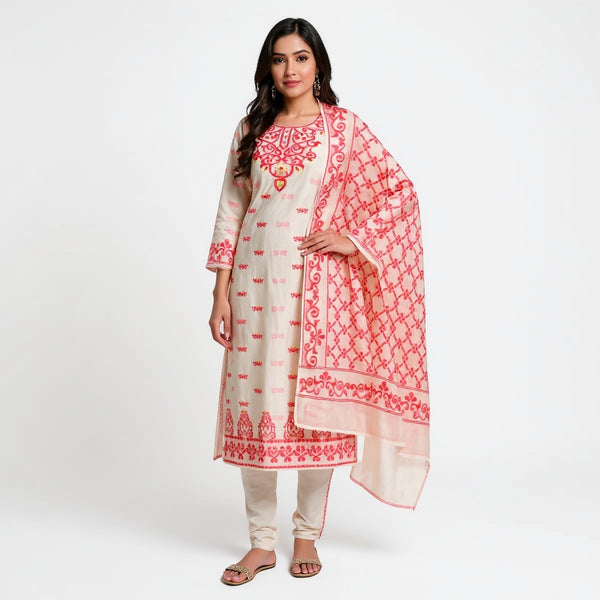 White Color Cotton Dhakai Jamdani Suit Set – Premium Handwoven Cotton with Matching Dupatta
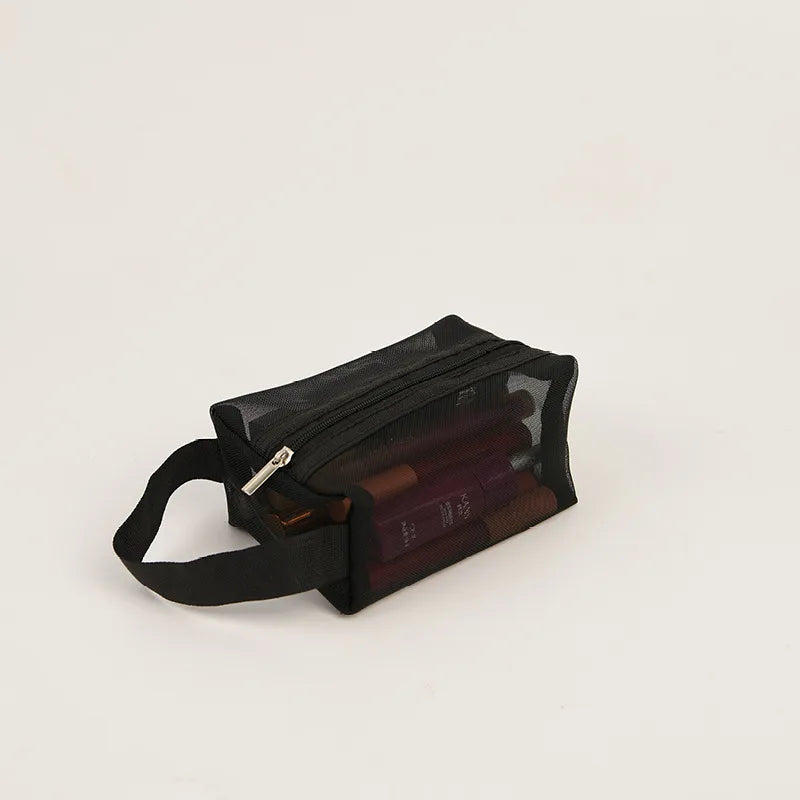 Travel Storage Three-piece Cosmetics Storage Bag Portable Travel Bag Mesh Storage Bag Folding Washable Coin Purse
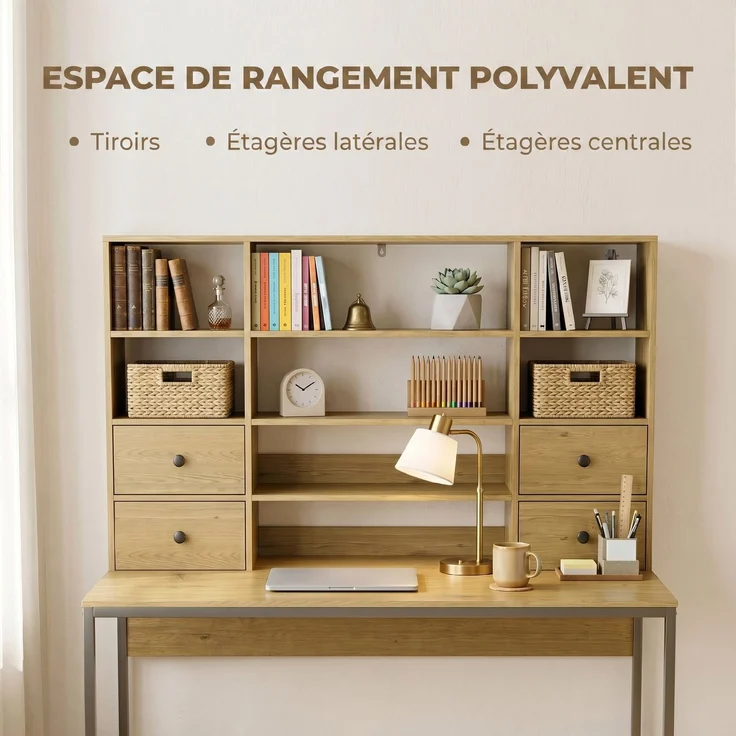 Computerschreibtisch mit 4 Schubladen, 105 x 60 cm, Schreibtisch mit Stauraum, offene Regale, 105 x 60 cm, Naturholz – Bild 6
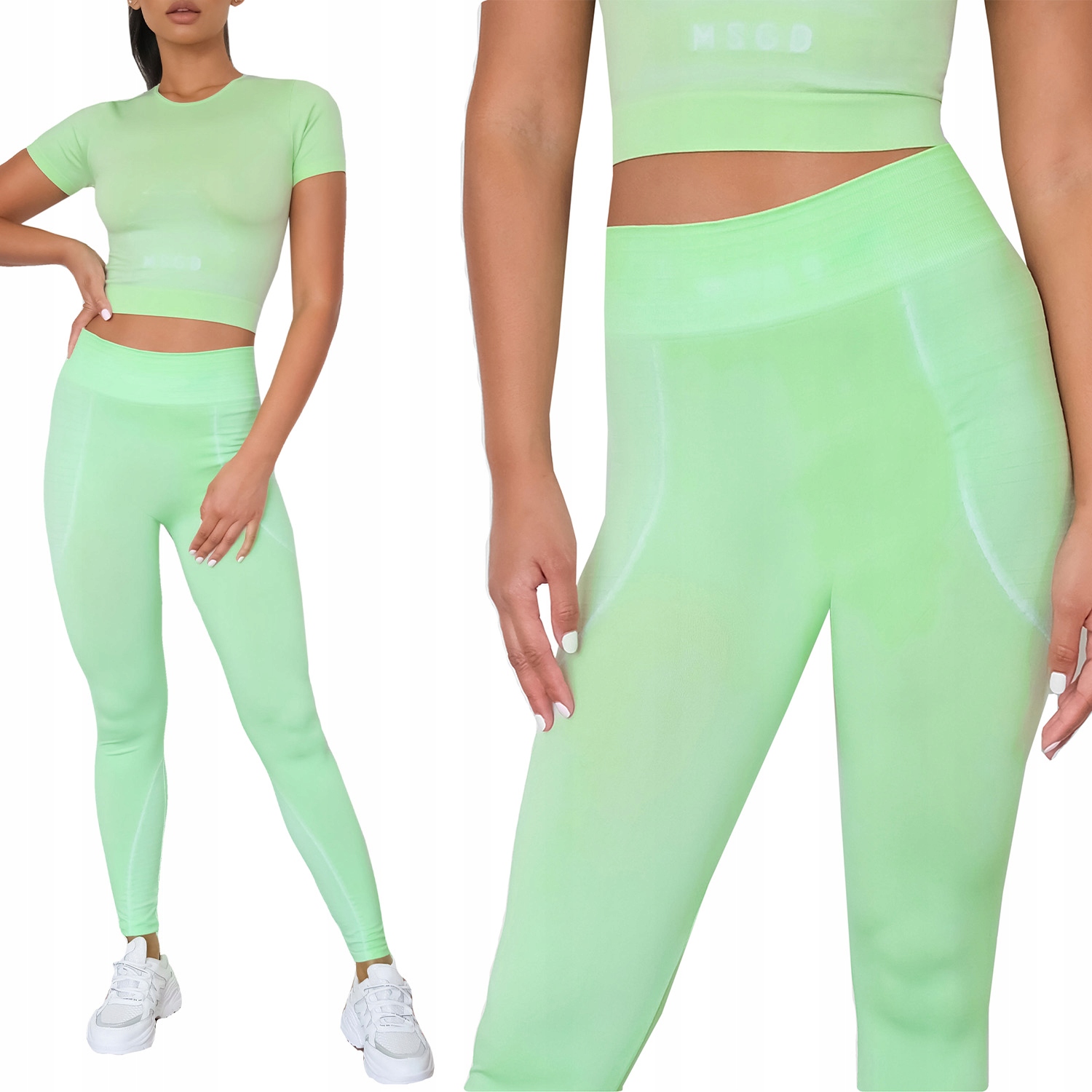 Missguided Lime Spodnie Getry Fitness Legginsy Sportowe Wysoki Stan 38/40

[ASSIGNMENT]: Make an exact copy of the listing, with no images in it.

[TASK OUTPUT]:
 White Color Cotton Dhakai Jamdani Suit Set – Premium Handwoven Cotton with Matching Dupatta
 Travel Storage Three-piece Cosmetics Storage Bag Portable Travel Bag Mesh Storage Bag Folding Washable Coin Purse
 Computerschreibtisch mit 4 Schubladen, 105 x 60 cm, Schreibtisch mit Stauraum, offene Regale, 105 x 60 cm, Naturholz – Bild 6
 Missguided Lime Spodnie Getry Fitness Legginsy Sportowe Wysoki Stan 38/40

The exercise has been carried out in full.